385. Governments and corporations often borrow money, and as evidence of their indebtedness issue certificates payable at or before some stated time, with interest payable annually, semi-annually, or quarterly. These interest-bearing notes, or government securities, are called bonds.

386. Coupons are certificates of interest attached to a bond, which as they fall due are cut off and given up to the payer on receipt of the interest.

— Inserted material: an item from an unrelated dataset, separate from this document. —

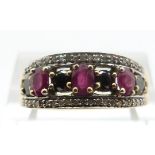 A 9ct gold ring set with black diamonds and rubies, size P, 3.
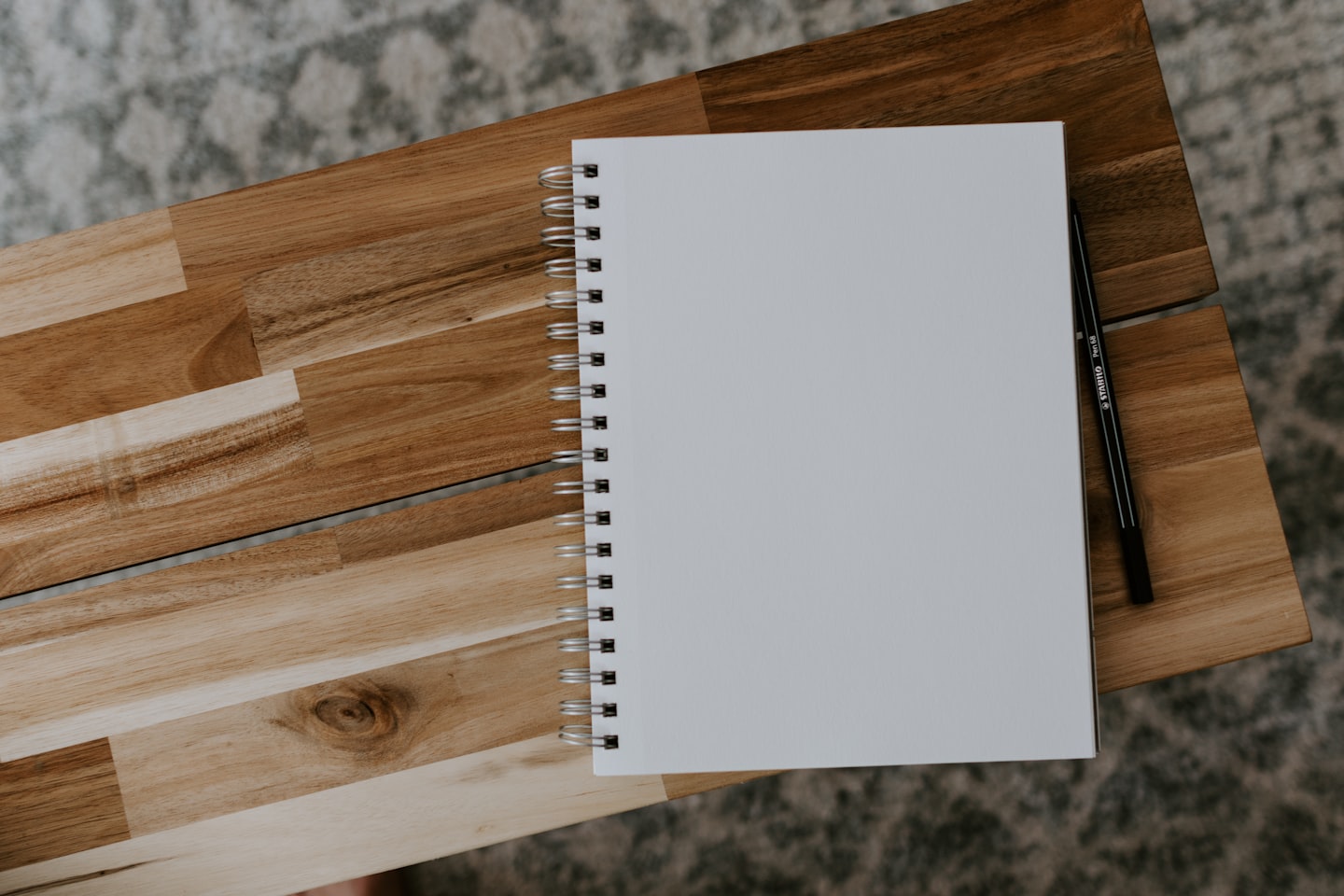 Weißes Spiralnotizbuch mit Stift auf einem Holztisch.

387. Bonds are usually named according to their yearly rate of interest and date of maturity; as U. S. 4's 1907, which means United States Bonds bearing 4% interest annually and payable in 1907; U. S. 41's '91, which means United States Bonds bearing 41% interest annually and payable in 1891; Boston and Albany 6's '95, Union Pacific 6's. The interest on bonds is generally payable semiannually. But on most of the U. S. bonds the interest is payable quarterly.

388. Bonds, like stocks, are regularly bought and sold at the Brokers' Boards and at auction. The sum to be paid to the holder of a bond on its maturity is the face value, or 100 %, but bonds are generally bought and sold previous to maturity, at a premium, or discount, which depends upon the value of money, the time to elapse before the principal is due, the credit of the maker of the bond, etc.

389. The rules of percentage already given apply to bonds and exchange.